When We Lose Them

Writer Maggie May Ethridge recently wrote a beautiful post about her young daughter, Lola, that swallowed my heart.  It reminded me of the almost unbearable tenderness I felt when my daughter was growing up. There were times I’d just be watching her — sleeping, tending to her toys, excited over some adventure or story — and my eyes would unexpectedly fill up.  Her joy was mine to share, and her pain was mine doubly.  (I’m convinced that those with  strong  mothering instincts feel the nicks and bruises of their child’s life more acutely sometimes than their child does).

The unbearable tenderness of loving a child does not end when we lose them. Heather Spohr recently lost her baby daughter, Madeline, and wrote an incredibly moving story about finding Maddie’s handprint on a door after her death.

Danny & Kendall Miller lost one of their twins, Oliver, in birth, and have been on an emotional and physical rollercoaster watching their son, Charlie, fight for his life.

One of my readers, Marcie, recently wrote to me about the death of her son, David, in a drunk driving incident fifteen years ago. Time has not lessened their sense of loss.

There is no experience that approaches the grief of losing children to death, but others still mourn children lost to drugs, alcohol, or other problems that found no resolution.  They hang onto hopes, even when scant, that one day the children they spent years loving will return.  It’s a hope that those who have buried children can only wish they had.

There are children being mourned who are fully alive, but unrecognizable. Children — once loved, doted upon, worried over, and nurtured — who have been lost to cults and religions, controlling partners, social climbs, and sweeping changes in character.

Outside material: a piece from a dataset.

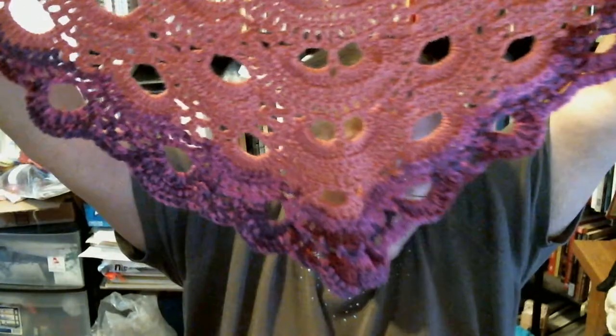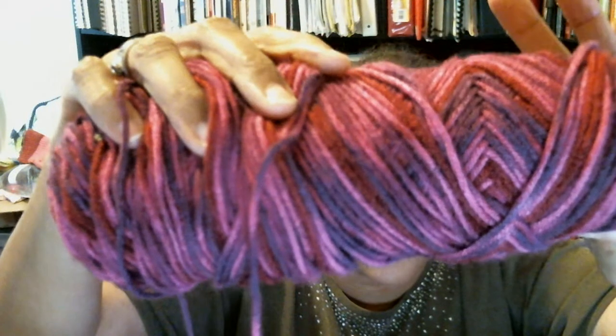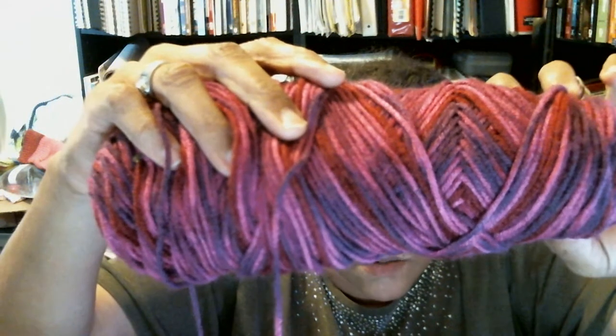So this yarn is Hobby Lobby's yarn. The band came off, but the pinks are a little bit darker than that. This is the yarn I'm using. Let me see if I can get the color right for you all. Let me get some of this stuff out of my bag — it's getting tangled up with too many different yarns in here.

The instinct to protect does not end with either death or distance, but often turns into a desire to possess some heroic superpower that can somehow undo tragedy and put the shattered pieces back into order.

The pain that was once acutely felt over nicks and bruises becomes a fierce and long-armed emotion that seethes doubly over every story of child abuse and neglect — and that spontaneously cries over strollers in the mall, or the sight of a parent and child walking hand-in-hand.

The unbearable tenderness never goes away, not in death or painful separation. It pulls, it aches, it cries — and it calls for just one more day, one more moment of warm breath and perfect love.

There are no profound lessons in death or abandonment. There’s no gained wisdom, or sterling epiphanies, except what we have really known all along. Love is everything, love is life, love is precious, and never really dies.

Lola sleeps safely, her blond hair tousled, her head falling upon her arm.  Madeline lives on in the memories of thousands of people whose lives she touched.  Charlie gave his dad the gift of good vital signs on Fathers Day. David’s parents grieve differently on the anniversary of his death, but come together to laugh over warm memories.

Tonight, there are children being tucked in, children being mourned, and children who have been lost.  And there is unbearable tenderness and infinite love, everywhere.